Forum: migrant Christian communities transforming traditional churches
October 21, 2011
An increase in world migration has spurred the growth of new dynamic Christian communities in many countries, but the trend also poses many challenges for older churches, said religious leaders.
In several European cities for example, “traditional mainline churches are struggling with their future, whereas migrant churches are flourishing and growing to the extent that their problem is how to find proper places for worship,” noted the Rev. Hielke Wolters, associated general secretary of the Geneva-based World Council of Churches (WCC).
Wolters spoke as members of diverse migrant Christian communities attended a forum late last month hosted by the WCC entitled, “Migration and Ecclesiastical Landscapes: An Ecumenical Response to Migration.”
Wolters said the work of the council includes diaconal assistance, especially for refugees in situations of conflict or natural disasters, and theological reflections on the situation of migrants and refugees and the responsibility of churches. He posed the question of whether churches can become “witnessing examples of just and inclusive communities in this world.”

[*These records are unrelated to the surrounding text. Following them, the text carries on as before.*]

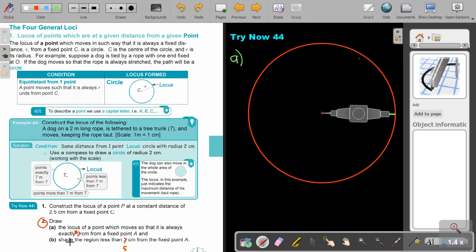And then number B. Shade the region less than 5 centimeters from the fixed point. So exactly on the red line, it's 5. Outside the red line, it's more than 5. Inside the red line, it's less than 5.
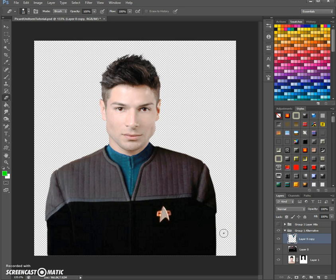The rest — like the rank insignia, the background, and a little bit of fine tuning like the shadow around the neck — we will do in the next tutorial, which will be the last of the series. So stay tuned. Hope this helped someone out there. Stay creative. Bye!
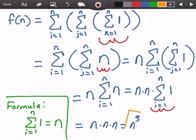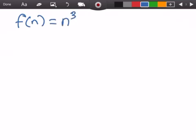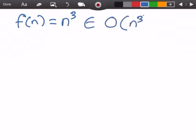That is how many times the statement x = x + 1 is executed in terms of n. So our function f(n) is equal to n to the power of 3, and it belongs to Big O of n cubed. That's our answer in terms of Big O.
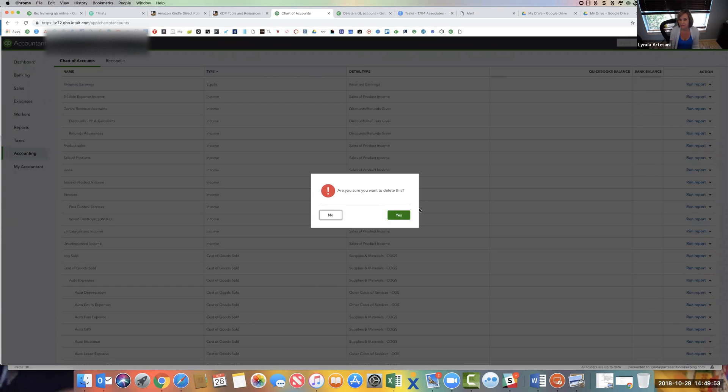So that's how simple it is to be able to just delete an account on QuickBooks Online off the chart of accounts. If it's a default account, it's going to tell you that you can't delete it. And there's a few of them. Those uncategorized accounts are for online banking. So just be aware of that.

The Rev. Filibus Musa, director for mission and development at the Lutheran World Federation (LWF), said that in Europe, like elsewhere, the challenges of migration relate to multicultural issues, questions of identity, human rights and dignity and integration of migrants into both faith communities and wider society.
For the churches, he emphasized, there is the question of hospitality, learning and enrichment between the migrant churches and the host communities, which would positively change the outlook of the Christian church. “Of great importance is the church’s mission and diaconal response to this challenge,” he said.
How churches open up to immigrants in any context, to hear their voices, in order for the Gospel to be communicated and lived out in ways that are credible and transforming in the life of all people and communities, is critical, Musa said.